Exercise:
Please repeat, exactly as written, the line containing "BAHCO S87+7 –" and every line after it through the end of the records below, leaving out any pictures.

Source information START

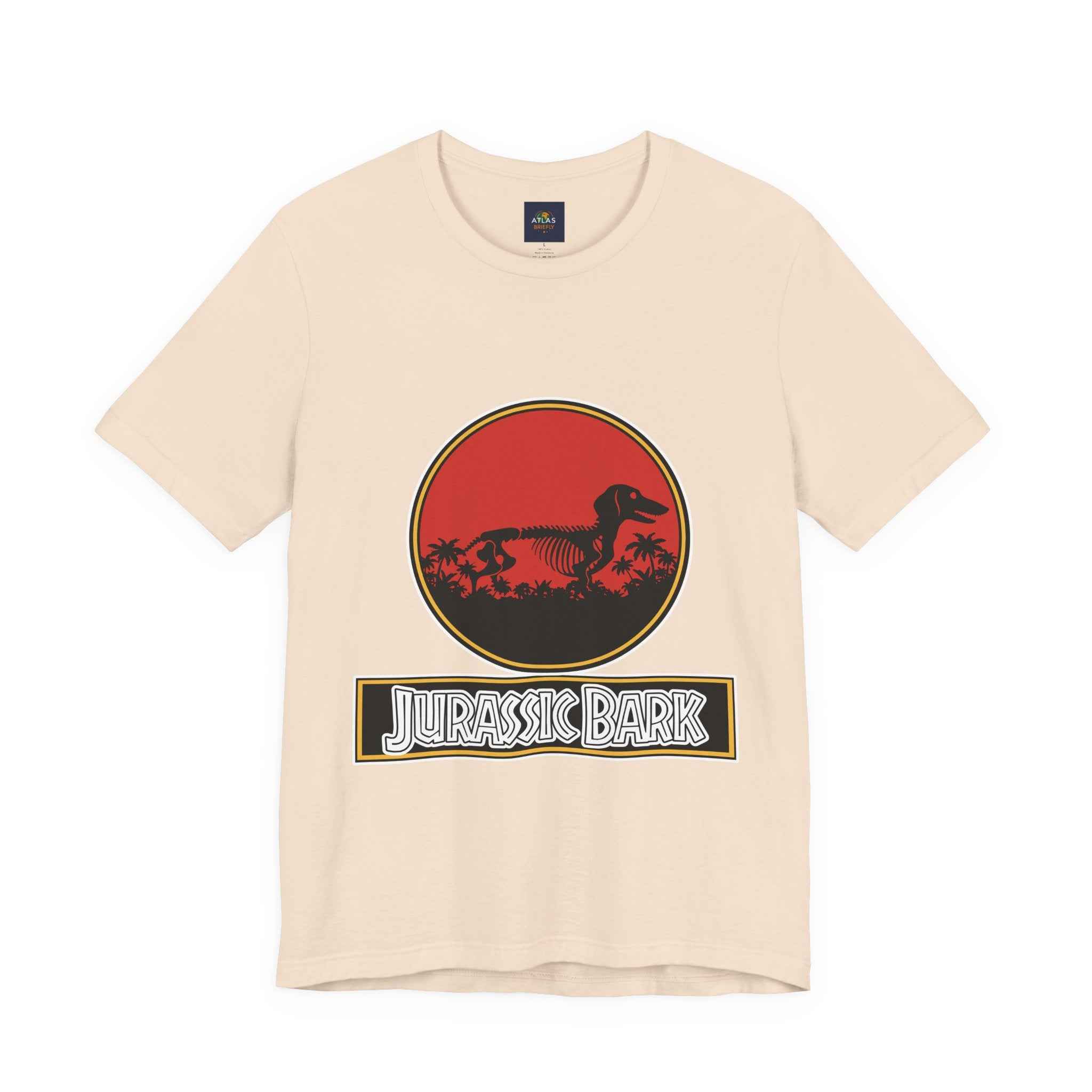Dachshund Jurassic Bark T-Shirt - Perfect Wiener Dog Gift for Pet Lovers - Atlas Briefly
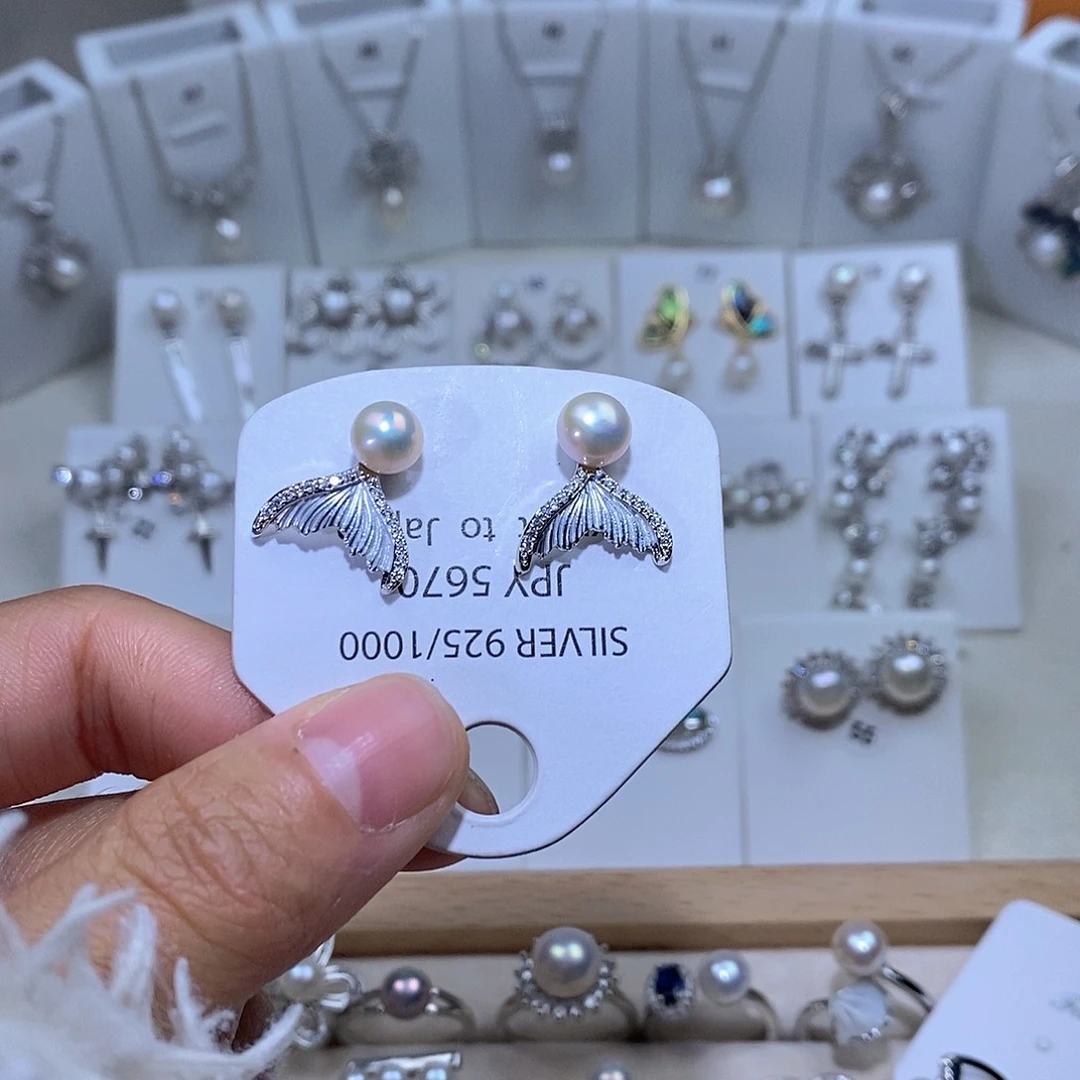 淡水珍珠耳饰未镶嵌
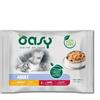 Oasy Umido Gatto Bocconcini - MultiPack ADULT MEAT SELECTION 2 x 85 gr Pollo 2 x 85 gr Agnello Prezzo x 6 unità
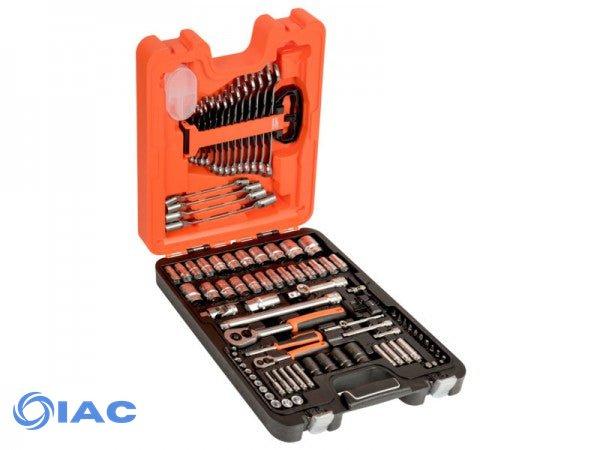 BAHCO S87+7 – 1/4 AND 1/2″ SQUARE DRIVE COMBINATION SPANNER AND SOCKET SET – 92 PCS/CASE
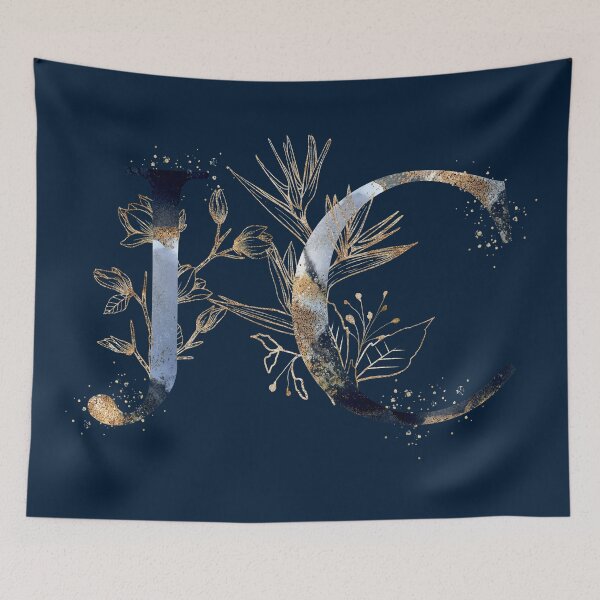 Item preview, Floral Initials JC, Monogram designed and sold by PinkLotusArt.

Source information END

Answer:
 BAHCO S87+7 – 1/4 AND 1/2″ SQUARE DRIVE COMBINATION SPANNER AND SOCKET SET – 92 PCS/CASE
 Item preview, Floral Initials JC, Monogram designed and sold by PinkLotusArt.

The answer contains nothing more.